Be kind and generous

Being kind to others and lending a helping hand is a great way to boost your own spirits. Research shows that kind people experience more happiness, have happier memories and have a greater awareness of the difference they make, building a sense of fulfillment and purpose in life. Acts of kindness and happiness have in fact been shown to be reciprocal; the more satisfied an individual feels with themselves, the more likely they will be to selflessly help others, and the more an individual makes an effort to selflessly help others, the more worthwhile and satisfied they will feel with themselves in return. Keep an eye out for opportunities for kindness and remember that helping others is helping yourself, too.

Utilise your strengths

One of the most common blocks to happiness is a fixation on personal faults and weaknesses, rather than skills and strengths. Examples of common strengths you will benefit from exercising, identified in Dr. Sharp’s The Happiness Handbook, include a love of learning, open mindedness, perserverance and diligence, integrity, and generosity. Focusing on limitations will only hold you back in your search for happiness. “Rather, if you can simply identify and find ways of using your core strengths, then you’ll indubitably increase your chances of finding and experiencing happiness,” says Dr. Sharp.

Count your blessings

Gratitude is very closley linked to optimism and positive thinking; rather than concentrating on what is lacking in your life, be thankful for all that you have. Psychological studies show that being in a state of gratitude can increase optimism and overall happiness by up to twenty five per cent and can, like optimism, promote good health and longevity. Try writing a list of ten things you are grateful for each day to live in appreciation of life’s simple pleasures to increase your sense of overall happiness and wellbeing.

Live in the moment and have fun!

The final step to achieving happiness is allowing yourself to experience and enjoy it! “The present moment is the only moment we can truly be happy,” explains Dr.

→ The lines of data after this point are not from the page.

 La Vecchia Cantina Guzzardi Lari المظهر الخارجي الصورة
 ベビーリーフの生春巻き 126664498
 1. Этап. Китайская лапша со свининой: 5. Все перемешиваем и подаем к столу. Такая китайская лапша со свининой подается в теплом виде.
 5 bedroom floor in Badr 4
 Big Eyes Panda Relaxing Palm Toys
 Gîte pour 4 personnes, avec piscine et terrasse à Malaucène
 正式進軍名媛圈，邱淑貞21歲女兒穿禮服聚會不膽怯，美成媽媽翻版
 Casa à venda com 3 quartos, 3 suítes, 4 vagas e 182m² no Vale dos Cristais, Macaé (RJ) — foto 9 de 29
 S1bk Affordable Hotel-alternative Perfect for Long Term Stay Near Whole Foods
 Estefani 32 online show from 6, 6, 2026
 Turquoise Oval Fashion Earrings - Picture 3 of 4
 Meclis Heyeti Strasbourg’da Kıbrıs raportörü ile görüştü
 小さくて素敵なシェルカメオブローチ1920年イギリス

Sharp. Happy people do not spend their time dwelling on the past or worrying about the future – both are entirely out of their control. Happy people spend their time living in and appreciating the present moment. When you notice your thoughts drifting, ask yourself, “What am I doing now? Am I in the present moment? How do I get back to the present?” You will not find happiness in yesterday, or in your projections of tomorrow, you will only find happiness in today.